I am very fortunate to be part of the staff at Edgewood Elementary School. I was on the transition team to move with J. E. Robins and Watts Elementary Schools into our new school in the historic Edgewood neighborhood of Charleston, West Virginia. The vision of the school was to be a student-centered, technology rich, project-based learning center. I am now in my third year on this team, and the second year in our new home, and it’s so exciting to see this vision coming together.
Now, as I work through the EDLD program at Lamar, I am finding that this school’s vision fits very well with the COVA model championed by Lamar, which emphasizes Choice, Ownership, Voice, and Authentic Learning. Through this program, I was challenged to come up with an Innovation Plan that would help implement the COVA model in my schools.

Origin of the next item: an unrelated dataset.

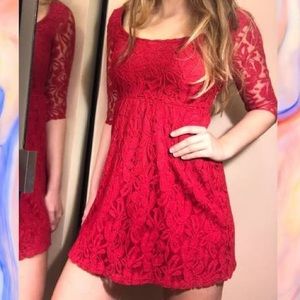 Red Lace Quarter Sleeve Kiera Skater Dress M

Though I teach at three schools, I felt that the best fit for a COVA model project would be Edgewood.
At Edgewood, there are a couple challenges to implementing COVA learning in my art program. (1) I only have 30 minutes every week with my art students, and (2) core teachers’ day is so filled with math and language arts requirements that there really isn’t time to do much anything student-centered. Last year, we attempted to do a school-wide project-based learning experience, and it ultimately flopped because teachers just didn’t have enough time to make it happen. So we needed something students could do in bite-sized experiences.

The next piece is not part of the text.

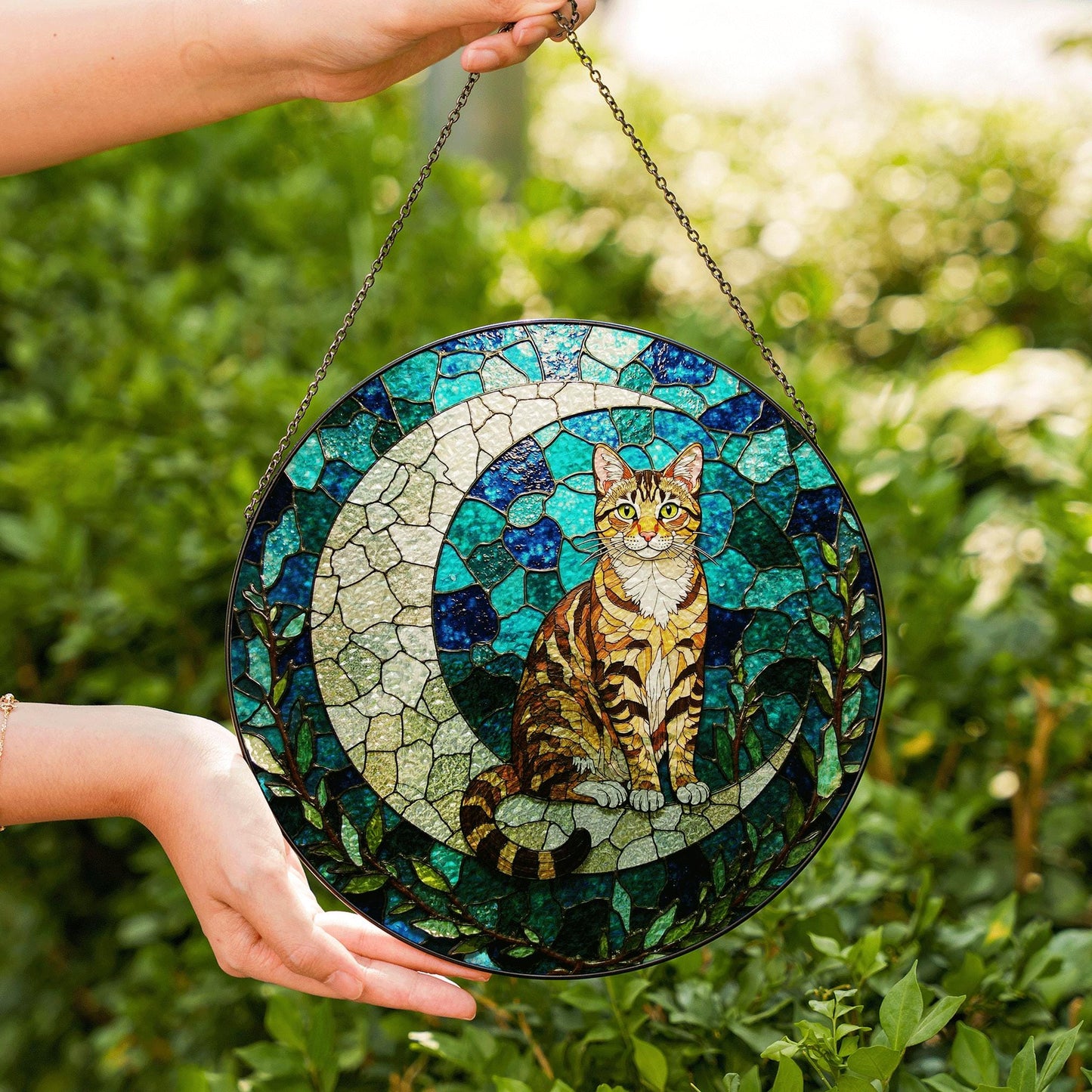 Tabby Cat on Crescent Moon Glass Suncatcher Handmade Window Decor Gift for Cat Lovers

I decided that what we really need is a makerspace and wrote a proposal to create this space in our tech lab. A makerspace is a shared space in which students can learn through hands-on creative and experimental activities of their own choosing and document their work through reflective entries in their digital portfolios. Makerspaces are becoming great ways for schools to provide students with more self-directed, creative learning experiences.
In my research for this project, I found that, while makerspaces do provide opportunities to explore concepts outside of core subject learning, they also reinforce those academic subjects, including those subjects most often affected by standardized testing, and there is much evidence in my research to support that experiential learning opportunities like makerspaces actually improve test scores by providing students with deeper understanding of academic concepts. I also found that makerspaces positively affect student attendance and graduation rates, create a more collaborative school culture, and promote technology skills. Best of all, makerspaces increase student involvement by giving students ownership of their learning process and allowing them to pursue things that interest them.
I’m happy to report that this proposal has already received the green light, and I have moved on to creating an implementation plan to make it happen. I am excited to be working with Edgewood’s Technology Specialist, Brianne Vandal to plan, create, and launch our makerspace, and we are right on track for our Maker Fest launch event the first week of school in August!